Apa yang saya Pelajari tentang Pekerjaan dan Perusahaan selama Magang?
T) Bagi yang memiliki pengalaman magang, bagaimana pengalaman Anda?

- Maya
- Saya mengikuti program magang satu hari di sebuah perusahaan besar. Saya mempersiapkan diri sebelumnya dengan bertanya kepada pacar saya yang orang Jepang tentang apa yang harus saya kenakan dan bahasa Jepang apa yang harus saya pelajari. Pada hari magang, saya datang dengan pakaian kasual bisnis, bukan setelan jas, dan dapat melihat seperti apa kantor tempat para karyawan benar-benar bekerja. Ada sekitar 40 peserta magang lainnya di sana, dan semuanya sangat ramah, dan diskusi berjalan lancar.
- Shoki
-
Saya mengikuti program magang web di sebuah perusahaan asuransi besar. Saya tergabung dalam tim beranggotakan lima orang, dan kami membuat materi untuk presentasi. Ada seorang mahasiswa internasional asal Tiongkok di antara anggota tim. Anggota tim Jepang juga sangat ramah, dan kami tetap terhubung melalui Zoom bahkan setelah jam kerja reguler untuk menyelesaikan materi bersama.
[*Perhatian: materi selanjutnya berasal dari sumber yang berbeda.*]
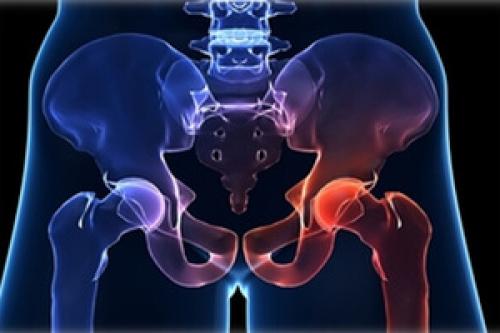 Импрессионное повреждение это. Импрессионный перелом мыщелка бедренной кости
Magang lain yang saya lakukan adalah di sebuah restoran di Kyoto, di mana saya mengembangkan rencana produk untuk pasta. Pada hari terakhir, kami berdiskusi di restoran, dan saya sangat menikmati proses pembuatan pasta. Sebagai seseorang yang senang berbicara dengan orang lain, itu adalah pengalaman yang sangat menyenangkan. - Saki
- Saya diwajibkan menyelesaikan magang sekitar enam bulan sebelum lulus, dan sejauh ini saya telah magang di JICA dan berbagai organisasi internasional. Yang saya pelajari dari pengalaman ini adalah Anda harus mempertimbangkan dengan cermat jenis pekerjaan apa yang ingin Anda lakukan di masa depan dan jenis orang seperti apa yang ingin Anda capai, lalu pilihlah magang di bidang yang dekat dengan keinginan Anda. Isi magang sangat bervariasi dari perusahaan ke perusahaan, dan Anda juga dapat memperoleh pemahaman yang baik tentang budaya perusahaan dengan berpartisipasi. Jika perusahaan yang Anda minati menerima peserta magang, saya rasa Anda harus ikut serta.